### Introduction to Data Ingestion

In [25]:
import os
from typing import List, Dict, Any
import pandas as pd

In [26]:
from langchain_core.documents import Document
from langchain.text_splitter import(
    RecursiveCharacterTextSplitter,
    CharacterTextSplitter,
    TokenTextSplitter
)

### Understand Document Structure in Langchain

In [27]:
## create a simple document
doc = Document(
    page_content='This is the main text content that will be embedded and searched.',
    metadata = {
        "source":"example.txt",
        "page":'1',
        "author":"Atharva",
        "date_created":"09-19-2025",
        "custom_field":"any_value"
    }
)

print("Document Structure")
print(f"Content :{doc.page_content}")
print(f"Metadata :{doc.metadata}")

Document Structure
Content :This is the main text content that will be embedded and searched.
Metadata :{'source': 'example.txt', 'page': '1', 'author': 'Atharva', 'date_created': '09-19-2025', 'custom_field': 'any_value'}


### Text Files (.txt)

In [28]:
import os
os.makedirs('data/text_files',exist_ok=True)

In [29]:
sample_texts = {
    'data/text_files/python_intro.txt':"""Introduction to Python

Python is a high-level, interpreted programming language that is widely 
used for various applications such as web development, scientific 
computing, and data analysis.
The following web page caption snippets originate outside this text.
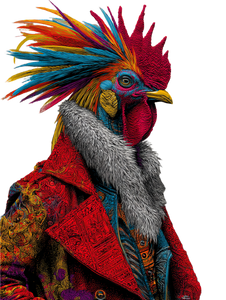 Punk Rooster Poster Vinyl Car Decal Sticker – Waterproof & UV-Resistant 8.213333333333333"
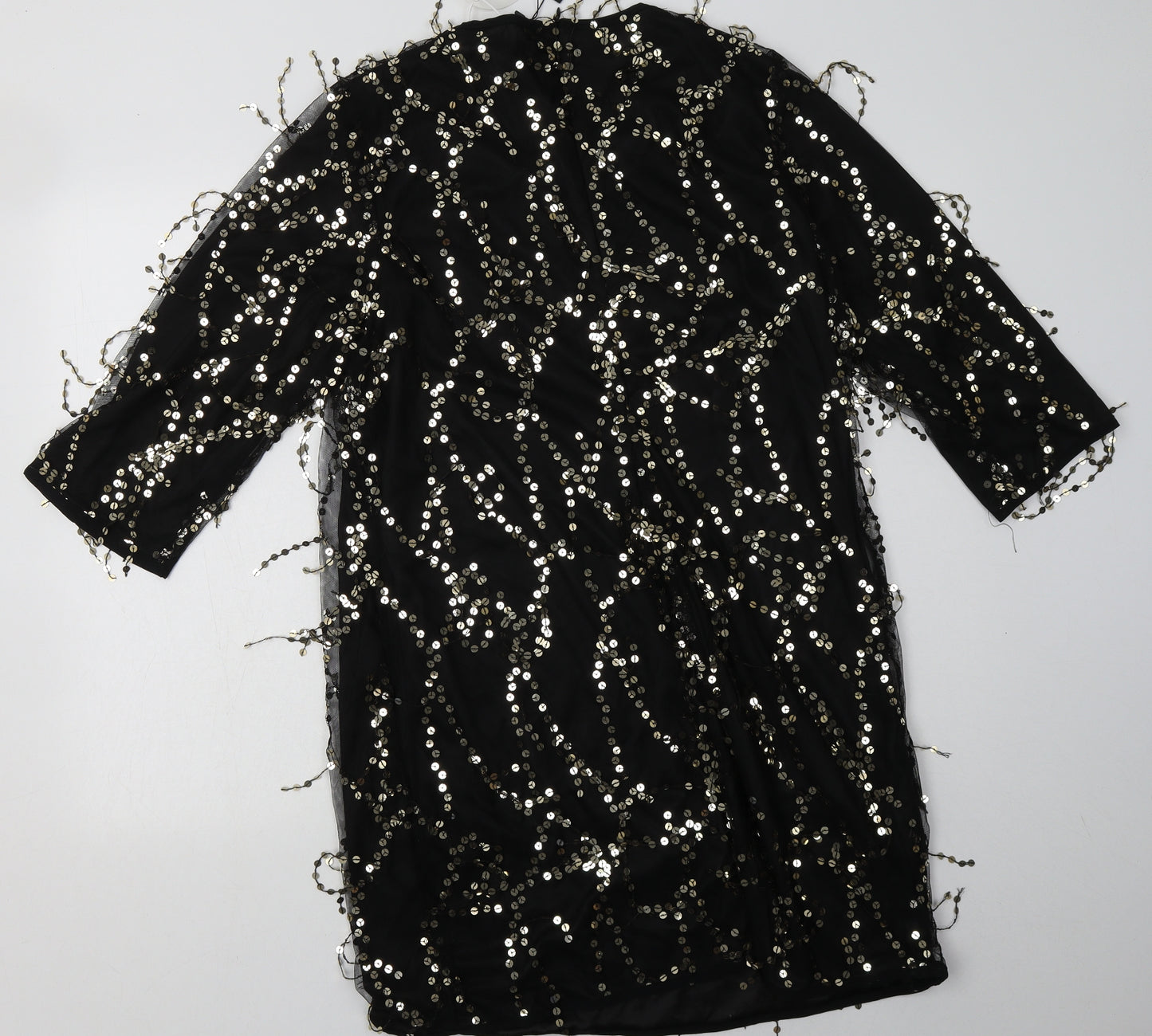 Boohoo Womens Black  Polyester A-Line  Size 18  Crew Neck Pullover - Sequin Detail
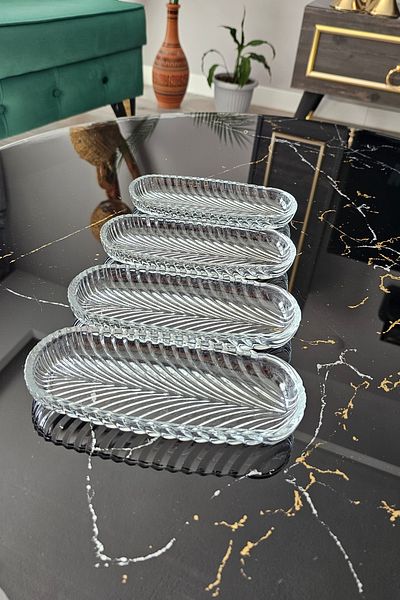 Gülümseten Avm 4-Piece Boat Presentation Plate |   Fish Back Plate |   Oval Serving Plate (19 cm)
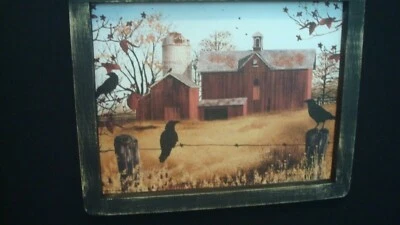 Prim Country Print ~*Lg. Red Barn with crows on fence*~ black frame 12" x 9 1/2" - Image 1 of 3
Created in the late 1980s by Guido van 
Rossum, Python is known for its simplicity, readability, and ease of use, 
making it an ideal language for beginners and experts alike.
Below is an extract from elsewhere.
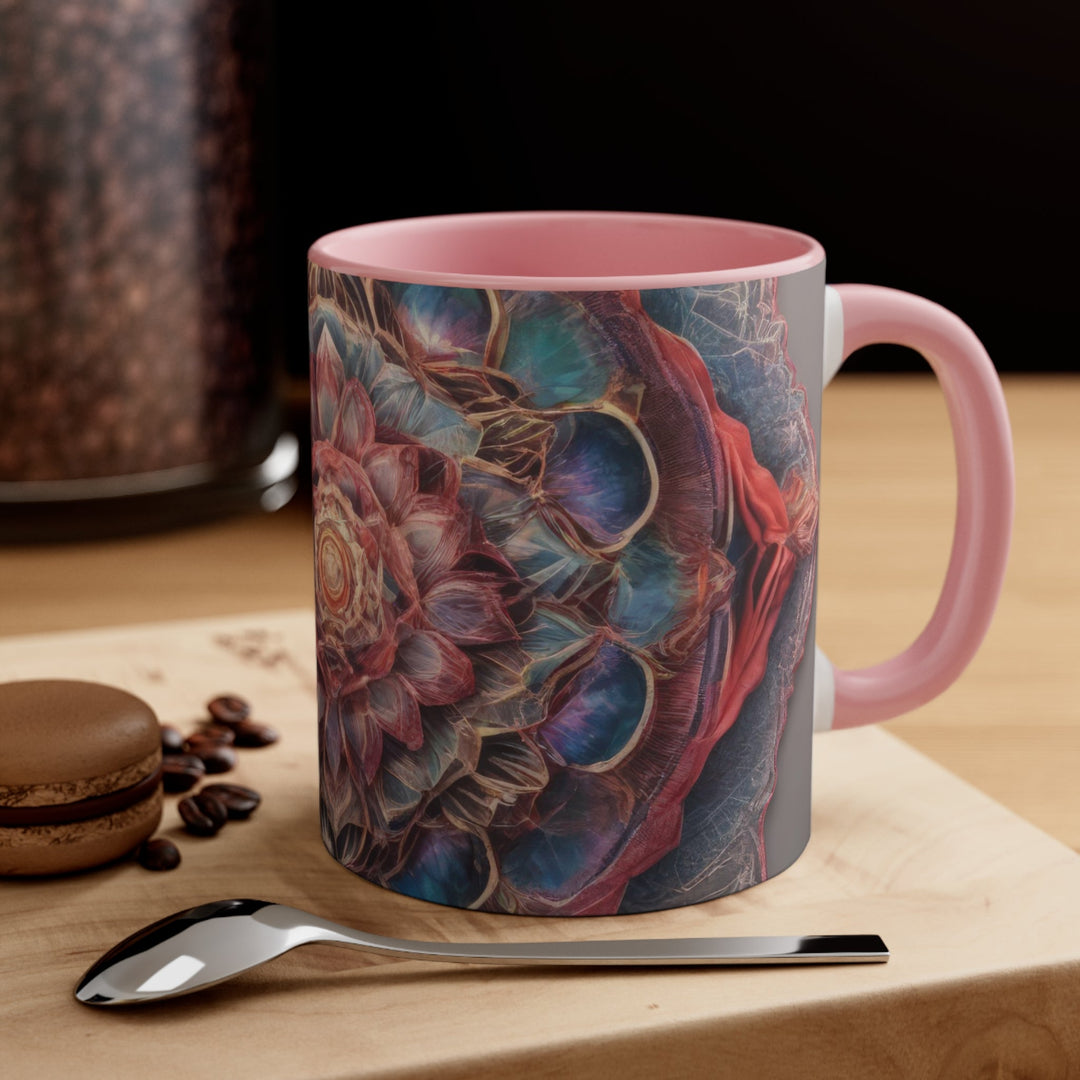 Ethereal Floral Mandala - Accent Coffee Mug - Mug - g(0D·IO) - Pink - 11oz -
Python's syntax is concise and intuitive, with a focus on code 
readability. It has a vast standard library that includes modules for 
tasks such as file I/O, networking, and data structures. The language also 
supports object-oriented programming (OOP) concepts like classes and 
inheritance.
""",
    'data/text_files/ml_intro.txt':"""Introduction to Machine Learning

Machine learning is a subset of artificial intelligence that enables 
systems to learn from data without being explicitly programmed. It 
involves training algorithms on large datasets to enable them to make 
predictions, classify patterns, or make decisions on their own. The goal 
of machine learning is to improve the accuracy and efficiency of tasks 
such as image recognition, natural language processing, and predictive 
modeling. Machine learning algorithms can be broadly classified into 
supervised, unsupervised, and reinforcement learning, each with its unique 
approach to data-driven decision-making. It has numerous applications in 
areas like computer vision, robotics, and healthcare.
    """
}

for filepath, content in sample_texts.items():
    with open(filepath,'w', encoding='utf-8') as f:
        f.write(content)

print("Sample file created")

Sample file created


### TextLoader - Read Single File

In [30]:
from langchain.document_loaders import TextLoader

# Loading a single txt file
loader = TextLoader('data/text_files/python_intro.txt', encoding='utf-8')

documents = loader.load()


In [31]:
print(type(documents))

<class 'list'>


In [32]:
print(documents)

[Document(metadata={'source': 'data/text_files/python_intro.txt'}, page_content="Introduction to Python\n\nPython is a high-level, interpreted programming language that is widely \nused for various applications such as web development, scientific \ncomputing, and data analysis. Created in the late 1980s by Guido van \nRossum, Python is known for its simplicity, readability, and ease of use, \nmaking it an ideal language for beginners and experts alike.\n\nPython's syntax is concise and intuitive, with a focus on code \nreadability. It has a vast standard library that includes modules for \ntasks such as file I/O, networking, and data structures. The language also \nsupports object-oriented programming (OOP) concepts like classes and \ninheritance.\n")]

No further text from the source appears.